Community Articles

alim · ‎08-28-2017

Objective

This tutorial walks you through a NiFI flow that utilizes the PartitionRecord processor with GrokReader/JSONWriter controller services to parse the NiFi app log in Grok format, convert to JSON and then group the output by log level (INFO, WARN, ERROR).

Note: The record-oriented processors and controller services were introduced in NiFi 1.2.0. As such, the tutorial needs to be done running Version 1.2.0 or later.

Environment

This tutorial was tested using the following environment and components:

Mac OS X 10.11.6
Apache NiFi 1.3.0

PartitionRecord Flow

Template

Import the template: partitionrecord-groktojson.xml

The flow should appear as follows on your NiFi canvas:

Enable Controller Services

Select the gear icon from the Operate Palette:

This opens the NiFi Flow Configuration window.

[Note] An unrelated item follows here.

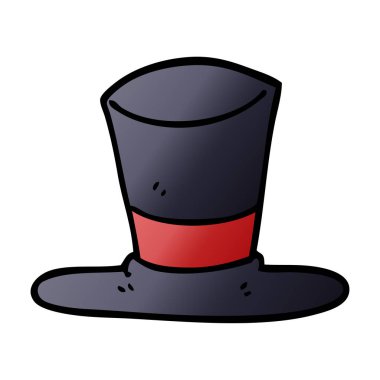 karikatür silindir şapka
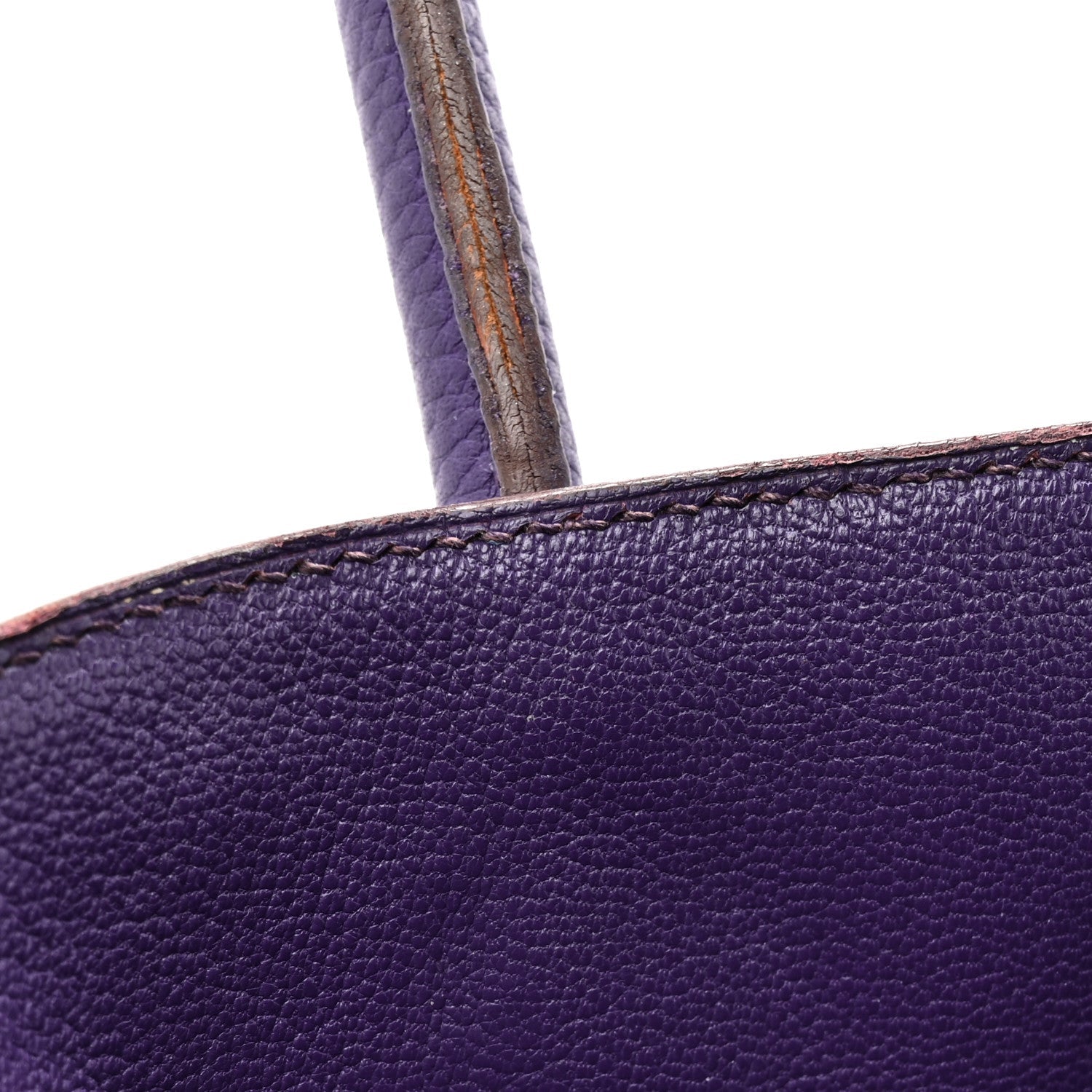 HERMES BIRKIN 35 IRIS TAURILLON CLEMENCE SILVER HARDWARE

Select the Controller Services tab:

Enable AvroSchemaRegistry by selecting the lightning bolt icon/button. This will then allow you to enable the GrokReader and JSONRecordSetWriter controller services. Select the lightning bolt icons for both of these services. All the controller services should be enabled at this point:

The flow is now ready to run.

Flow Overview

Here is a quick overview of the main flow:

1. TailFile tails the nifi-app.log

2. UpdateAttribute adds Schema Name "nifi-logs" as an attribute to the flowfile

3. PartitionRecord:

Uses a GrokReader controller service to parse the log data in Grok format. The GrokReader references the AvroSchemaRegistry controller service.
The AvroSchemaRegistry contains a "nifi-logs" schema which defines information about each record (field names, field ids, field types)
Uses a JsonRecordSetWriter controller service to write the records in JSON format. The JsonRecordSetWriter references the same AvroSchemaRegistry.
Groups the records by log level (INFO, WARN, ERROR)

4. RouteOnAttribute sends the data to different connections based on the log level

Flow Details

Generate Warning & Errors

Start the "Generate Warnings & Errors" process group to create sample WARN and ERROR logs.

Set schema.name = nifi-logs (TailFile Processor)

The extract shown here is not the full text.